2. Over-realized eschatology 

Bij een over-realized echatology is er te weinig oog voor de gebrokenheid en onbeantwoorde gebeden. Wij hebben ons na het artikel van Westerbeek serieus afgevraagd of er bij Clark en Johnson werkelijk sprake is van een ‘over-realized eschatology’ waardoor Gods soevereiniteit onder druk komt te staan. Gaan zij een wissel over die ze niet over hadden moeten gaan? Brengen zij het spanningsveld van het ‘reeds’ en ‘nog niet’(de tussentijd) nauwelijks ter sprake met als mogelijk gevolg excessen en pastorale brokken? 
We zijn na ons onderzoek van mening dat Clark en Johnson in denken en praxis het theologisch spanningsveld van ‘nu reeds’ en ‘nog niet’ wel degelijk erkennen. Westerbeek schrijft dat Clark beweert dat het uitblijven van genezing een mislukking van onze bediening zou zijn.
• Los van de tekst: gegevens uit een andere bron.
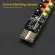 Otolampara 2 PCS, colorful LED, T10 RGB, Auto Wedge, side light, interior width, reading lamp, remote control, DC 12 V
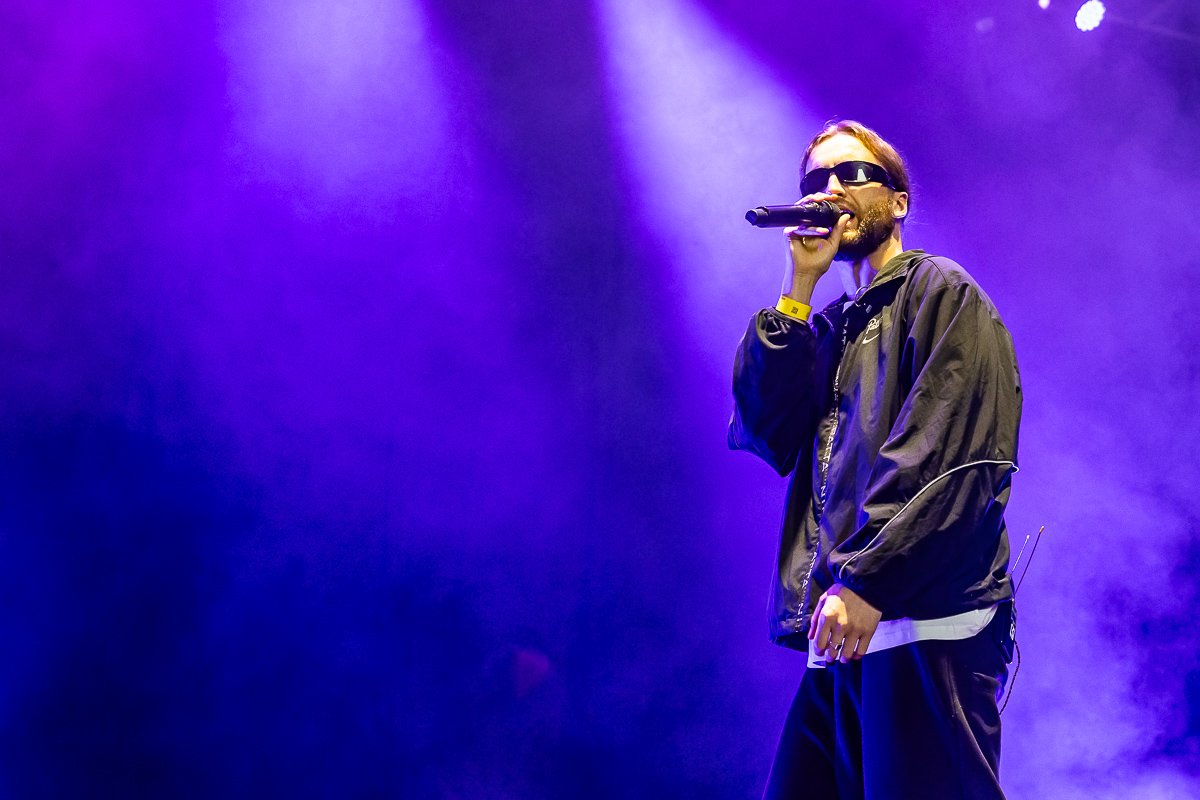 Kevin @ Vestrock 2025, picture 1, photographed by Marc Verdonck - FrontView Magazine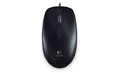 Logitech Wired Optical Mouse B100 OEM 910-00335, black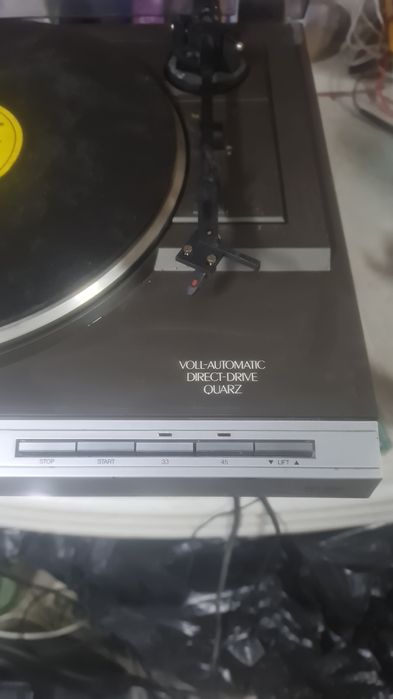 Pikap Telefunken direct drive quartz nou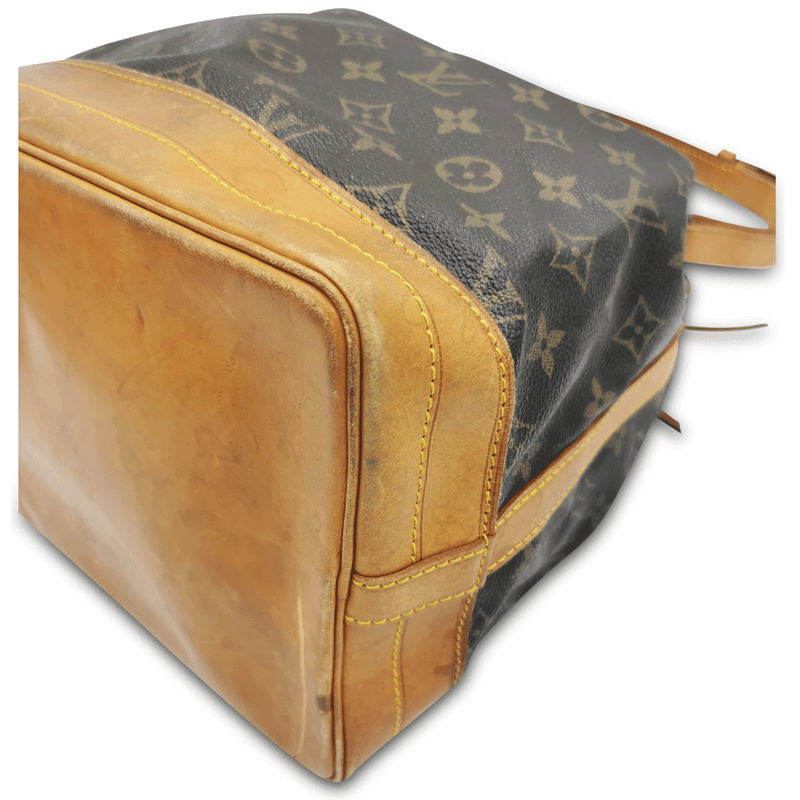 Monogram Canvas Noé taske fra brand: LOUIS VUITTON - We Do Vintage
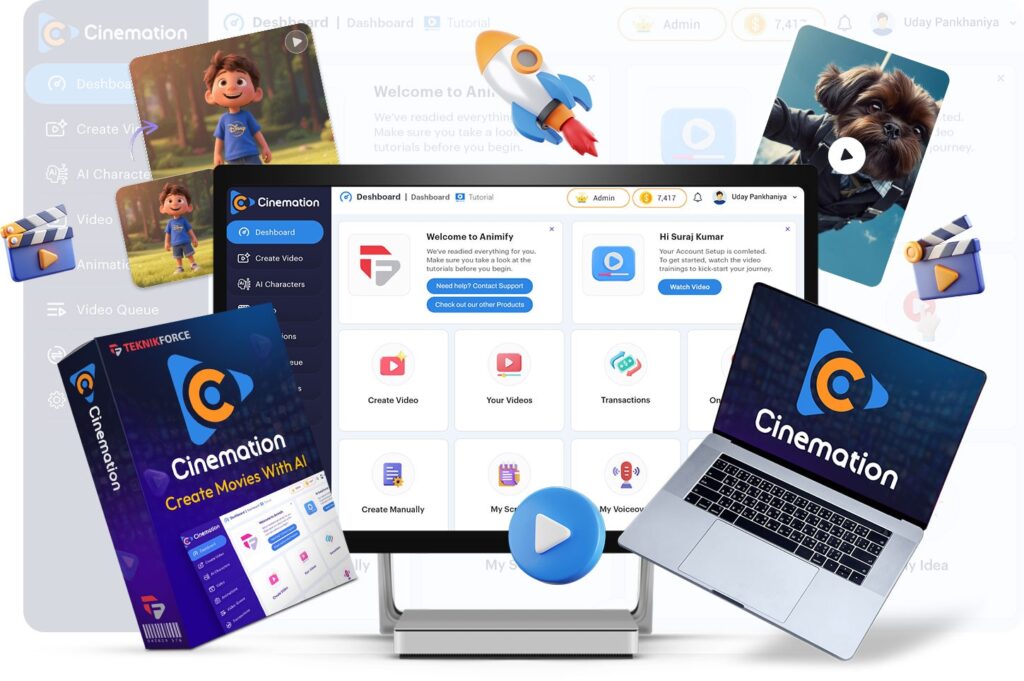 How to Use Cinemation for YouTube Automation Channels in 2026
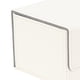 thumbnail image 3 of Caja para baraja de cartas coleccionables con funda y 2 separadores. Cuadros Blanco, 3 of 9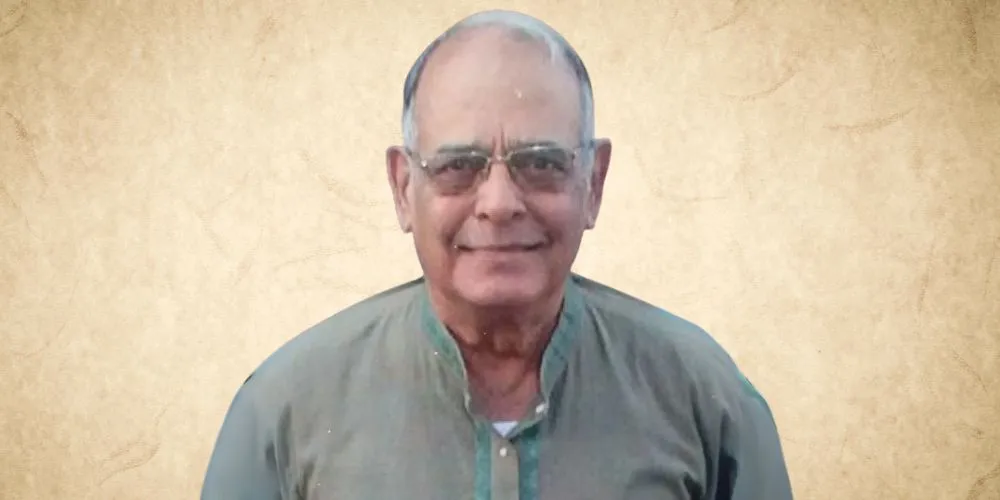 Achyut Potdar passes away at 91
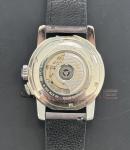 Glycine Airman Purist 46 Blue Sunray Dial, Leather & Nato Straps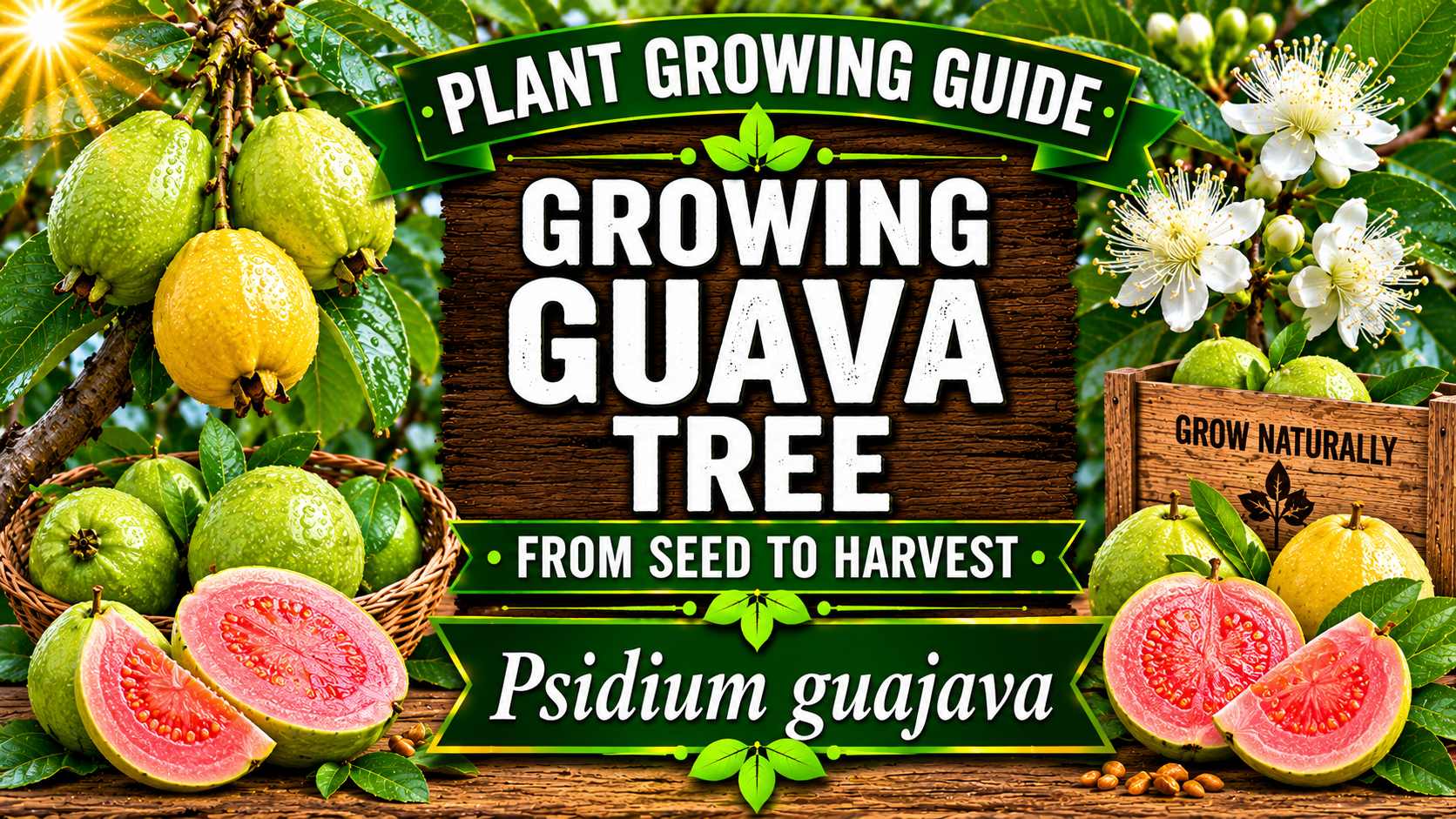 Growing Guava Tree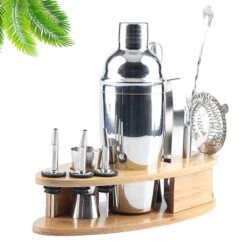 HGMD® Cocktail Set - 16-Delige Set - Cocktail Shaker Set (750ml) - Cocktail Shaker Set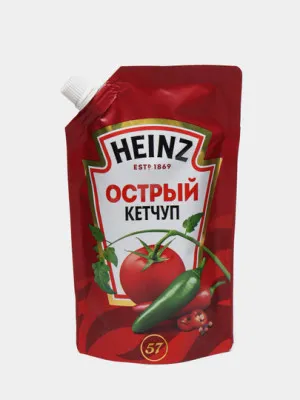 Кетчуп Heinz, острый, 320 г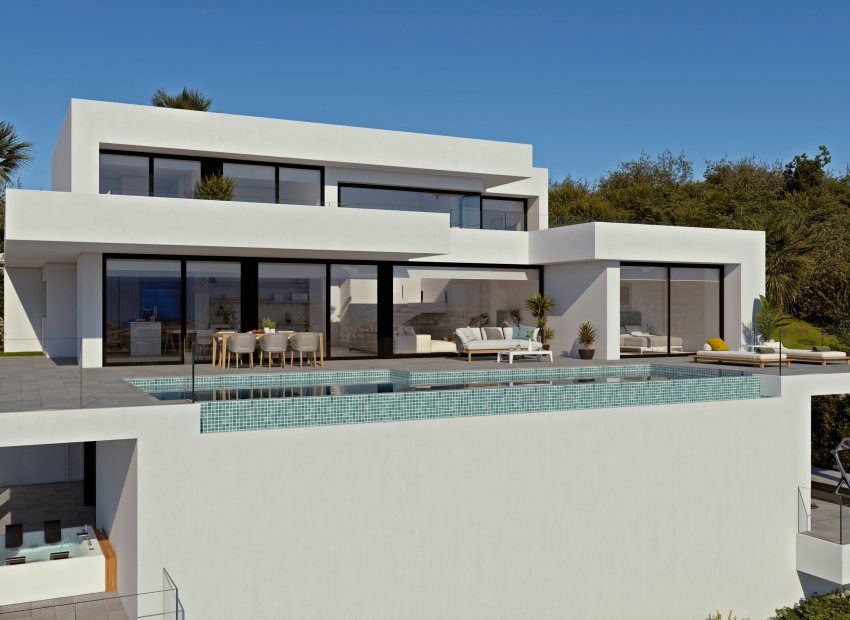 Obra nueva - Villa - Cumbre del Sol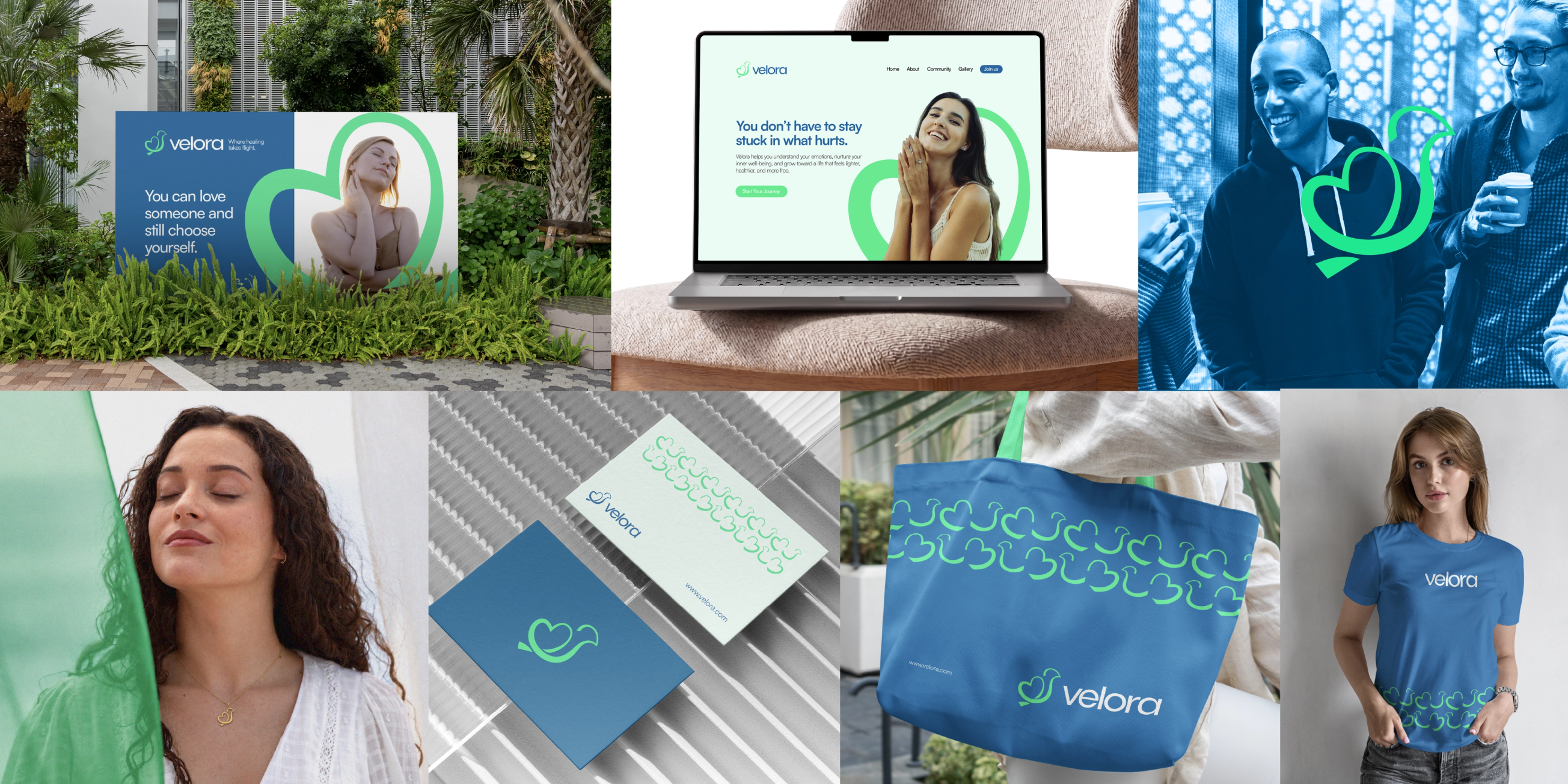 Velora Brand iidentity — brand identity designed by Ernso Azor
Maar Clark wijst juist deze veroordeling af met de woorden dat we onszelf niet de schuld moeten geven en dat we ons mogen blijven uitstrekken naar (meer) genezing. Westerbeek suggereert dat Clark op een andere manier over het mysterie van het koninkrijk spreekt. Bij Clark zou het begrip mysterie vooral gaan over de vraag waarom de een meer zalving ontvangt dan de ander. Daarmee zou Clark niet het mysterie van het koninkrijk erkennen. Clark spreekt hier echter over iets anders, namelijk over het principe dat er soms meer of minder zalving van de heilige Geest aanwezig is, waardoor er meer of minder genezing plaats vindt 5. Hij verwijst hierbij naar Lucas 5:17 en Marcus 6: 4-6. Overigens noemt Wimber precies dezelfde principes, waar hij spreekt over een ‘lack of faith’ en ‘A healing environment’.6 
Clark begon ooit als baptisten-predikant en raakte daarna betrokken bij de Vineyardbeweging, waarvan hij in totaal achttien jaar (1984-2001) lid is geweest. Sindsdien heeft hij de Vineyard-theologie over genezing omarmd en is ook hij wars van hypes, manipulatie, trots en het overdrijven van (genezings)claims.7 De Vineyard-theologie fundeert genezing met name in het koninkrijk van God. Clark stelt expliciet:
‘I still believe in everything John Wimber taught me, but I believe in more than he taught me.’ 
Clark erkent dus volledig de klassieke Vineyard-theologie, maar beschouwt dit niet als het allesomvattende antwoord op genezing. Ook buiten de Vineyardbeweging zijn krachtige geloofsstromingen te vinden, waar zelfs meer genezing plaatsvond dan bij John Wimber en in de Vineyard. Bijna al deze bewegingen geloven ook dat genezing haar basis vindt in zowel het kruis (verzoening) van Christus als in het koninkrijk van God.8 Clark geeft een kerkhistorisch overzicht van Gods brede praktijk van genezing en vergelijkt dit met een rivier. Deze rivier bevat meerdere stromingen (waaronder de Vineyard) die zichzelf juist niet exclusief moeten achten, maar met elkaar mogen zoeken naar de theologische breedte van de genezing die God ons wil schenken.9 In iedere stroom of geloofsbeweging zit als het ware menselijke verontreiniging die we vanuit het onderscheid van het geloof mogen verwijderen. Zo wordt de rivier opgeschoond en blijft Gods zegen van genezing stromen.10
Zo benadrukt de pentecostale beweging bijvoorbeeld de zalving van de heilige Geest van een evangelist die een genezingsbediening heeft. De Vineyard (en ook de pentecostale beweging) cultiveren op hun beurt weer de gaven van de Geest en rusten alle gelovigen en ministry-teams toe om te bidden voor de zieken. De Word of Faith-beweging benadrukt op haar beurt juist de individuele verantwoordelijkheid van iedere gelovige om genezing van God te ontvangen door persoonlijk geloof. Deze accenten hoeven elkaar niet uit te sluiten, maar zouden elkaar juist mogen aanvullen, zonder daarbij door te schieten in een bepaalde richting.11 

3, Staat Gods soevereiniteit onder druk? 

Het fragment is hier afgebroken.